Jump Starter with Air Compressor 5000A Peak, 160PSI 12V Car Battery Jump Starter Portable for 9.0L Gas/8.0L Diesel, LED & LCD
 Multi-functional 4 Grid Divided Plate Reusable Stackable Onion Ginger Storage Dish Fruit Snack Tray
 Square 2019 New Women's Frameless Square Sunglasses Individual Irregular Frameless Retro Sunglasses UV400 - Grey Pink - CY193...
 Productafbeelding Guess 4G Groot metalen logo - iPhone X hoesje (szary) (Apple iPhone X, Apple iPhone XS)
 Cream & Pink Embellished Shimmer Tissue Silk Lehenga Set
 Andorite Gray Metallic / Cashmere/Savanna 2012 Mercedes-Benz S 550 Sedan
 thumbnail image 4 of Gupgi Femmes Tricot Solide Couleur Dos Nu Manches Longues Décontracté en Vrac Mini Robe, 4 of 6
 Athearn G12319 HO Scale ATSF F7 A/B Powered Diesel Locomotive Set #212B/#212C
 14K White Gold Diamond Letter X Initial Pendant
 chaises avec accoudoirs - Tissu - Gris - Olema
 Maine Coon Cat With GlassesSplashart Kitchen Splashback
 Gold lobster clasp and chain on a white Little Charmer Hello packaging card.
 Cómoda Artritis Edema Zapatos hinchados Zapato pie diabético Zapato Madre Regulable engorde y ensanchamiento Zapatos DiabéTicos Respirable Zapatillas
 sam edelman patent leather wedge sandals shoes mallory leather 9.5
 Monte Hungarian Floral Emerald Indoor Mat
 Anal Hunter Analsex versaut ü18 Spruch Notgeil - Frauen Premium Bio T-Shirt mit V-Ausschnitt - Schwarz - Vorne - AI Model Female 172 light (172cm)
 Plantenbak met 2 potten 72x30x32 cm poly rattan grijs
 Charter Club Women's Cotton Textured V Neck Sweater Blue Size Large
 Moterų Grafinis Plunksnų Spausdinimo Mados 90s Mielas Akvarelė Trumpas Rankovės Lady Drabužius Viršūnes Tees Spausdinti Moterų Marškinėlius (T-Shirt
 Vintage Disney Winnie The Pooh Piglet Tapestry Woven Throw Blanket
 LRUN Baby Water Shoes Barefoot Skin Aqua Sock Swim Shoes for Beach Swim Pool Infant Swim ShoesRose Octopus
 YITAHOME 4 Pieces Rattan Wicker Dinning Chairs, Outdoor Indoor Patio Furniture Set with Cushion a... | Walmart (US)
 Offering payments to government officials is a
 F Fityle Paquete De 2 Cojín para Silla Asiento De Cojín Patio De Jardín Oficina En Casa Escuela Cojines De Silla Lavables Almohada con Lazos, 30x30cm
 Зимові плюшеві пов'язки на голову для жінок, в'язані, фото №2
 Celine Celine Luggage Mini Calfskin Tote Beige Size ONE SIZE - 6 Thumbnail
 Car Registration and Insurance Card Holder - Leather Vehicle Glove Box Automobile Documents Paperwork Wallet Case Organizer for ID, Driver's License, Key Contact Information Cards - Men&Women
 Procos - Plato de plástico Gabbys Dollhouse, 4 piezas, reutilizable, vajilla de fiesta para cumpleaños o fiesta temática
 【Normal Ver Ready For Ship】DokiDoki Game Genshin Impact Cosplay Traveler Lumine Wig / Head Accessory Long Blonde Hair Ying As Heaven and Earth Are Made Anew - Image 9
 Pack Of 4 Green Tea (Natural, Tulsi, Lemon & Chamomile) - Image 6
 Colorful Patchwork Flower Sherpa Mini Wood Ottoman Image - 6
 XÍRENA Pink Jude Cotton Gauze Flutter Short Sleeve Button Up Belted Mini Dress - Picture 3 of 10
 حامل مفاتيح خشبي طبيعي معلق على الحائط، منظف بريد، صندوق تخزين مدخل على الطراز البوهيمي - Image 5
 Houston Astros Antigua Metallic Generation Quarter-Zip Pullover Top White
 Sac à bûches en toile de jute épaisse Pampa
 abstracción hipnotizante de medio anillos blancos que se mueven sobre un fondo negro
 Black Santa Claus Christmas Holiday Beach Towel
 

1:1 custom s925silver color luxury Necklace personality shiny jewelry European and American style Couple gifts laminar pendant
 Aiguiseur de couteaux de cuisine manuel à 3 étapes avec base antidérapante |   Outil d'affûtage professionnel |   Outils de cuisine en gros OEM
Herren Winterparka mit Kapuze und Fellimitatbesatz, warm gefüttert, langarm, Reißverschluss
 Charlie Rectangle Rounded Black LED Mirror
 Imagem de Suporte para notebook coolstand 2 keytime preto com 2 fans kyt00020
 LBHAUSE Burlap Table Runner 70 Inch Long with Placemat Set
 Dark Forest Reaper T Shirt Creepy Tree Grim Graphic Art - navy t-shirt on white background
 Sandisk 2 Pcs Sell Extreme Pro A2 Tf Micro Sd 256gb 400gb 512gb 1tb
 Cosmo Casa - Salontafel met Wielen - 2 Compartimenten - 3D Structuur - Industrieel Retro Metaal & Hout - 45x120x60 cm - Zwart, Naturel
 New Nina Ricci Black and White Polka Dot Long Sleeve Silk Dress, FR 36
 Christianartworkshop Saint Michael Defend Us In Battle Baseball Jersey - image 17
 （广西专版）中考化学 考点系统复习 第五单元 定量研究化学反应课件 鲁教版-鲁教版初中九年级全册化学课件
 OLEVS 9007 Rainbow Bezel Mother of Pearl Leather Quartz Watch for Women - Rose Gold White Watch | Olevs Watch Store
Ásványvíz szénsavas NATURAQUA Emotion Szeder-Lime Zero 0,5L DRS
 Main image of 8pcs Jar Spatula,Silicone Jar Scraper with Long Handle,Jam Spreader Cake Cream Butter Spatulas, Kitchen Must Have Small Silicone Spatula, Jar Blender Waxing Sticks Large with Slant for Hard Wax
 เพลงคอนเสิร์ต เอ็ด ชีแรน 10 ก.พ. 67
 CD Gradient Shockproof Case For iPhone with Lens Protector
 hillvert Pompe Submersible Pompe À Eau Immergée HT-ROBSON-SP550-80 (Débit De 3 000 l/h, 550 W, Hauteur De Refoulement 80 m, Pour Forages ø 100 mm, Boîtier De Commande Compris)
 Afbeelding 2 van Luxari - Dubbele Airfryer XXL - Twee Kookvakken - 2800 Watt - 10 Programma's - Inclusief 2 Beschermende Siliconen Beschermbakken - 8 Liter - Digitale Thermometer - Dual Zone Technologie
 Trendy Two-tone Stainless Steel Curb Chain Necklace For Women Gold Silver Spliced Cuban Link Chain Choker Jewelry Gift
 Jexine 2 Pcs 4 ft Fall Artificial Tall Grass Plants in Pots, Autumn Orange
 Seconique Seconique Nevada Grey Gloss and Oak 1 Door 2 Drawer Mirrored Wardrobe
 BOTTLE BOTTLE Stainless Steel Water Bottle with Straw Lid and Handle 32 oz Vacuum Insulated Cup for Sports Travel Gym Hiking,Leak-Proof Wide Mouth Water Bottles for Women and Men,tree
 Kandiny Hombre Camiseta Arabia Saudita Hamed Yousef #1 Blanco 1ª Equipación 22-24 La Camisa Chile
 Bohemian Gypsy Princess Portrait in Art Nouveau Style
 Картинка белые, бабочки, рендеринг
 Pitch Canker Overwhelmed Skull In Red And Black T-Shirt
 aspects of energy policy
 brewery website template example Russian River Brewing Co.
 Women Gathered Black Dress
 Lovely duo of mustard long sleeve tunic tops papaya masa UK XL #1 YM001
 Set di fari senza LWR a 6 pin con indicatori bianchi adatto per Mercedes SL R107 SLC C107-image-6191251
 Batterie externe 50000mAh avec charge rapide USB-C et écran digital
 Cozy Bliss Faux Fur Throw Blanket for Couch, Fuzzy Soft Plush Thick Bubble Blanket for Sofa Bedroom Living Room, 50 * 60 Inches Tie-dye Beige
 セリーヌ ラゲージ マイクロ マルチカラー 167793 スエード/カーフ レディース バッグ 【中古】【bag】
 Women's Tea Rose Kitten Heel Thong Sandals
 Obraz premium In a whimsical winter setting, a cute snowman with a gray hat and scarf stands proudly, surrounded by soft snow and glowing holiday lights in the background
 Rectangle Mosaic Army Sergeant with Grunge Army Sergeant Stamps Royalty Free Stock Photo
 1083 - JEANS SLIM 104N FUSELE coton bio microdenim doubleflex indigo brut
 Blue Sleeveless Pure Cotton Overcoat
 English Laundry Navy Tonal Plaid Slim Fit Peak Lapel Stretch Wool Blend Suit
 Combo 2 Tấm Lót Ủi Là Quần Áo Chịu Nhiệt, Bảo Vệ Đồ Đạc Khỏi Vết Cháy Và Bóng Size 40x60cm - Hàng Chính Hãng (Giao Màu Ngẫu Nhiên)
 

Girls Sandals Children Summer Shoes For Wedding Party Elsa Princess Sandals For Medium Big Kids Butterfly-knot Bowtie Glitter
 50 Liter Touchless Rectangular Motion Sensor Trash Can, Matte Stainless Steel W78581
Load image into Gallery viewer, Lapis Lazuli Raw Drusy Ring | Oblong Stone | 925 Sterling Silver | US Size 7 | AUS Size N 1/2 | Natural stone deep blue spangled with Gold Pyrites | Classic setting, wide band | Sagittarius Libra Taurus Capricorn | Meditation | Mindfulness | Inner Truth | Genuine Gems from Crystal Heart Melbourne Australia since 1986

++++++++++++++++++++

What to produce> From the material above, retype precisely the lines between the line holding "เพลงคอนเสิร์ต เอ็ด ชีแรน 10 ก.พ. 67" and the line holding "セリーヌ ラゲージ マイクロ", inclusive, and nothing beyond them.

Task answer>
 เพลงคอนเสิร์ต เอ็ด ชีแรน 10 ก.พ. 67
 CD Gradient Shockproof Case For iPhone with Lens Protector
 hillvert Pompe Submersible Pompe À Eau Immergée HT-ROBSON-SP550-80 (Débit De 3 000 l/h, 550 W, Hauteur De Refoulement 80 m, Pour Forages ø 100 mm, Boîtier De Commande Compris)
 Afbeelding 2 van Luxari - Dubbele Airfryer XXL - Twee Kookvakken - 2800 Watt - 10 Programma's - Inclusief 2 Beschermende Siliconen Beschermbakken - 8 Liter - Digitale Thermometer - Dual Zone Technologie
 Trendy Two-tone Stainless Steel Curb Chain Necklace For Women Gold Silver Spliced Cuban Link Chain Choker Jewelry Gift
 Jexine 2 Pcs 4 ft Fall Artificial Tall Grass Plants in Pots, Autumn Orange
 Seconique Seconique Nevada Grey Gloss and Oak 1 Door 2 Drawer Mirrored Wardrobe
 BOTTLE BOTTLE Stainless Steel Water Bottle with Straw Lid and Handle 32 oz Vacuum Insulated Cup for Sports Travel Gym Hiking,Leak-Proof Wide Mouth Water Bottles for Women and Men,tree
 Kandiny Hombre Camiseta Arabia Saudita Hamed Yousef #1 Blanco 1ª Equipación 22-24 La Camisa Chile
 Bohemian Gypsy Princess Portrait in Art Nouveau Style
 Картинка белые, бабочки, рендеринг
 Pitch Canker Overwhelmed Skull In Red And Black T-Shirt
 aspects of energy policy
 brewery website template example Russian River Brewing Co.
 Women Gathered Black Dress
 Lovely duo of mustard long sleeve tunic tops papaya masa UK XL #1 YM001
 Set di fari senza LWR a 6 pin con indicatori bianchi adatto per Mercedes SL R107 SLC C107-image-6191251
 Batterie externe 50000mAh avec charge rapide USB-C et écran digital
 Cozy Bliss Faux Fur Throw Blanket for Couch, Fuzzy Soft Plush Thick Bubble Blanket for Sofa Bedroom Living Room, 50 * 60 Inches Tie-dye Beige
 セリーヌ ラゲージ マイクロ マルチカラー 167793 スエード/カーフ レディース バッグ 【中古】【bag】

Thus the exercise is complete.